Upgrading, downgrading, or removing it
Hunyuan3D 2.1 isn’t a drop-in over 2.0. The repos are separate (Hunyuan3D-2 vs Hunyuan3D-2.1) and the texture pipeline is architecturally different: 2.0 used an RGB-based paint model; 2.1 replaces it with a PBR pipeline that produces diffuse, metallic, roughness, and normal maps. You clone fresh – there’s no migration path.
Removal: delete the cloned directory, delete your virtual environment, delete the Hugging Face cache (~/.cache/huggingface on Linux/Mac). No registry entries, no system-wide hooks.

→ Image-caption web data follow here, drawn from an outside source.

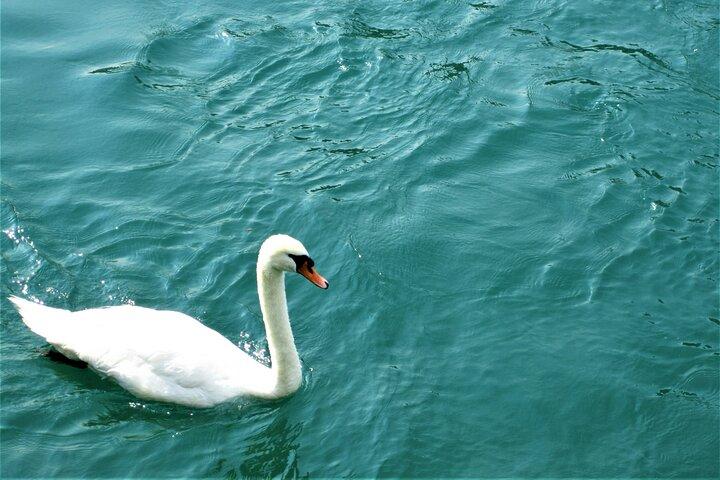 Sightseeing Cruise on Lake Geneva with Wine and Aperitif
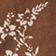 Brown Floral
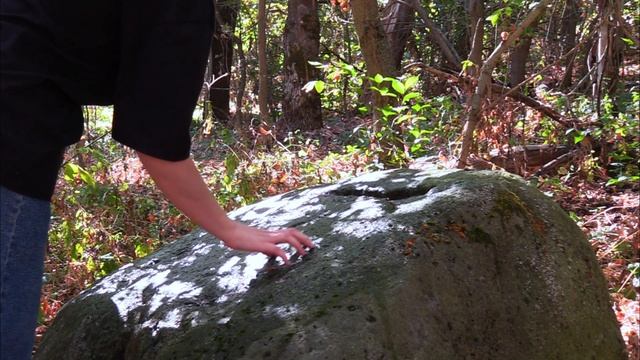 Камни-Дикари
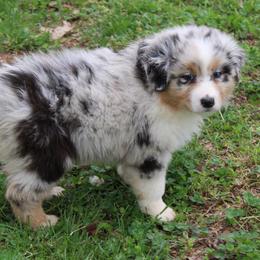 Tilly - Blue merle female Australian Shepherd puppy in Kansas, Oklahoma from Windy G Farm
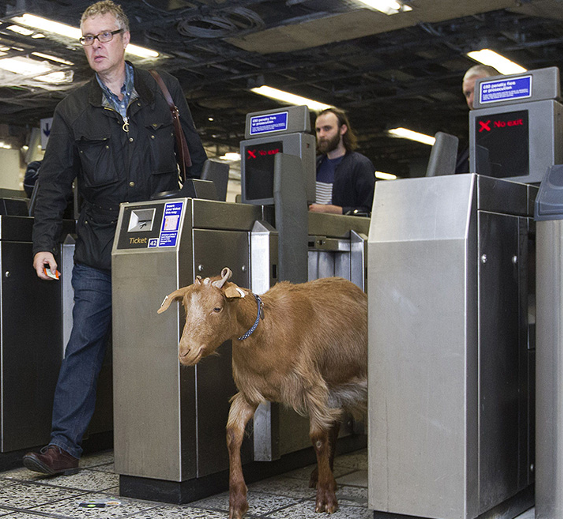 Mirror Weird News tweet media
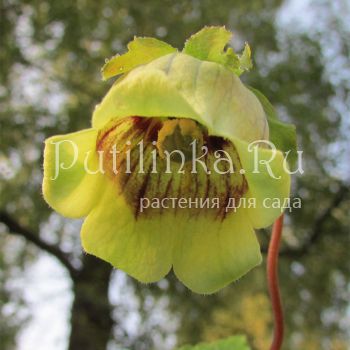 Кодонопсис круглолистный (C. rotundifolia)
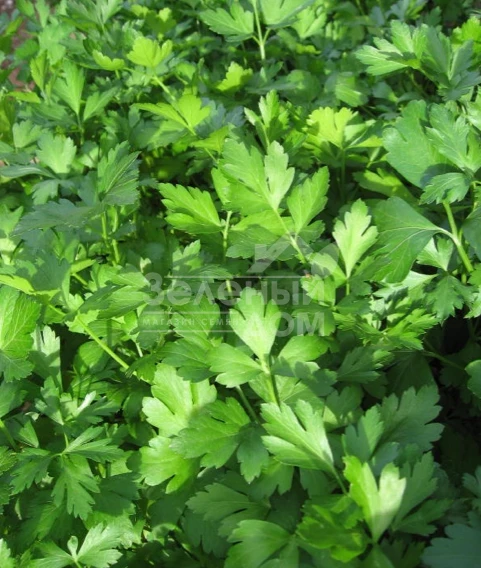 Фестиваль / Festival фото 1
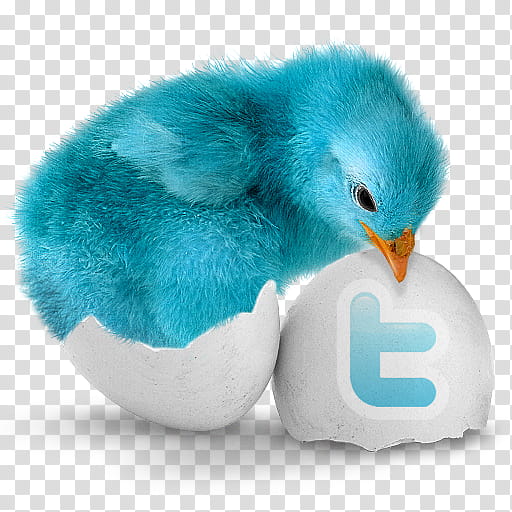 Twitter , Twitter logo transparent background PNG clipart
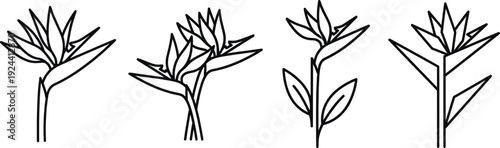 Bird of paradise flower linear icon set for web design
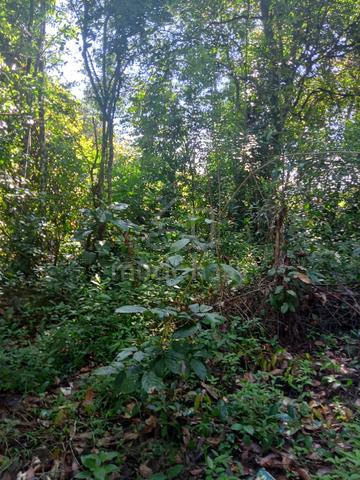 Tanah Kosong Agriculture 5.56 ekar Kg Bt9 Kuala Lipis Freehold 2
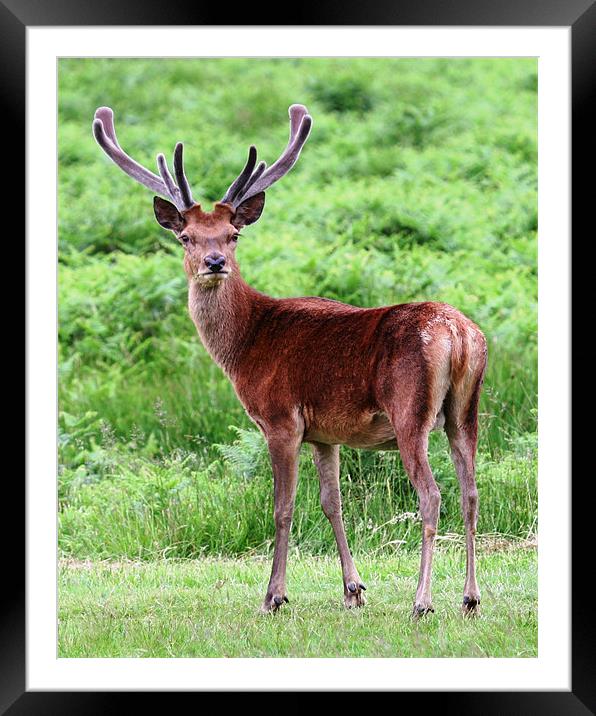 Red Deer Stag Framed Mounted Print by Mike Gorton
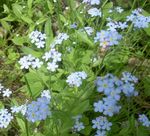 modrá Záhradné kvety Nezábudka, Myosotis fotografie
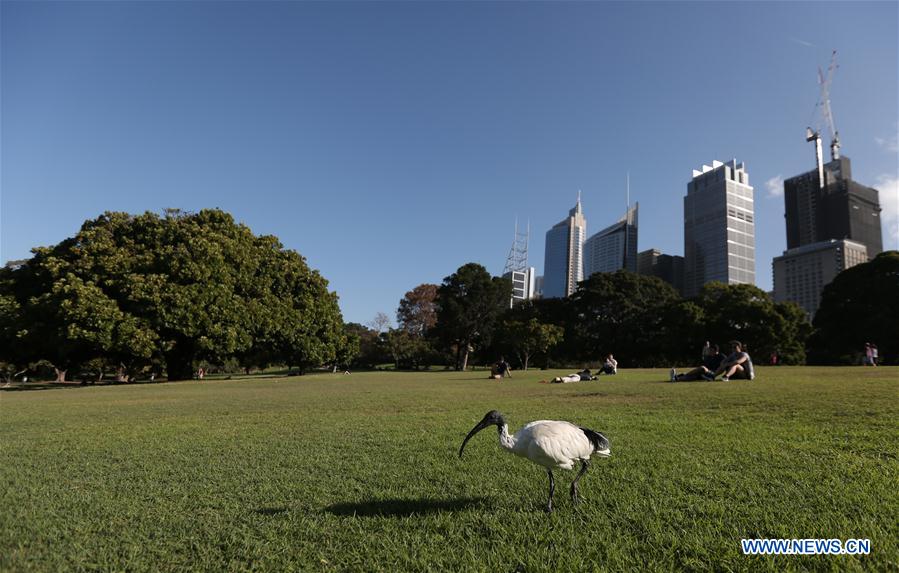 AUSTRALIA-SYDNEY-ROYAL BOTANIC GARDEN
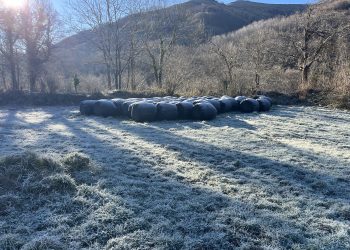 Cubillo de Ebro registra -10,1 grados y marca la sexta temperatura más baja de España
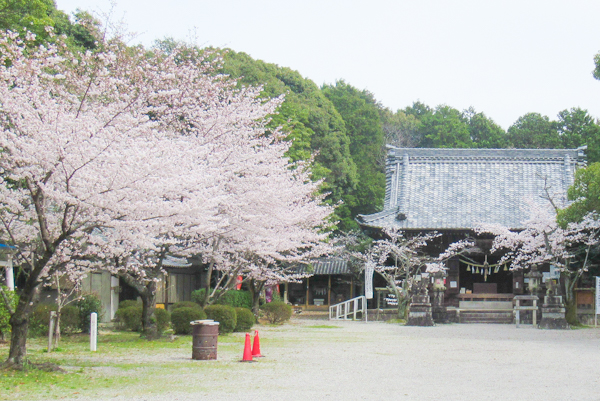 洲原神社(愛知県刈谷市)桜と拝殿01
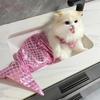 Cane Gatto Animale Aspetto Sirena Divertente Costume da Bagno Indossare Bikini Costume Accessori Coda di Sirena Vestiti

It’s gone.
If you don’t want to compile anything
The WinPortable build by YanWenKun is a Windows-specific package for Hunyuan3D 2.0 and 2.1 that integrates mmgp offloading for consumer GPUs. The August 2025 release (v4-cu129) ships Hunyuan3D-2.1 support, Blackwell (RTX 50 series) compatibility, a GUI launcher, Python 3.12.11, CUDA 12.9, and PyTorch 2.8.0 – no compilation step.
The trade-off is real: you can’t fine-tune from a portable build, and you’re tied to the package maintainer’s update schedule. For generation-only workflows, though, it’s a legitimate choice – not a shortcut.
For the architecture and PBR pipeline internals, the Hunyuan3D 2.1 technical report (arXiv 2506.15442) covers the design decisions behind the two-stage DiT + Paint approach in detail.
FAQ
Can I run Hunyuan3D 2.1 without a GPU?
No. The diffusion transformer requires CUDA – CPU inference isn’t supported.
Why does shape generation work but texture generation fail silently?
Start here: check hy3dpaint/custom_rasterizer/lib/. Empty directory means the rasterizer build failed even though pip said it succeeded. Re-run with pip install -v -e . and read the nvcc output – you’ll see the actual error. On Linux the usual culprit is nvcc not on PATH; on Windows, missing Visual Studio Build Tools. Mac users: this is the Mac ceiling described in error 4 above, not a fixable configuration issue.
WinPortable or source install – which should I use?
Depends on what you’re doing. WinPortable works out of the box on Windows, handles VRAM offloading automatically, and supports the latest Blackwell GPUs as of the August 2025 release. Source install gives you access to fine-tuning and full control over the environment – but you’re signing up for the rasterizer compile step and dependency management. If you’re generating assets and not training, WinPortable is the pragmatic call. If you’re experimenting with the model itself, build from source.
Start here: clone the repo, build a Python 3.10 venv, run the install commands in order. The rasterizer compile output is the only step that needs your full attention – everything else either works or fails loudly.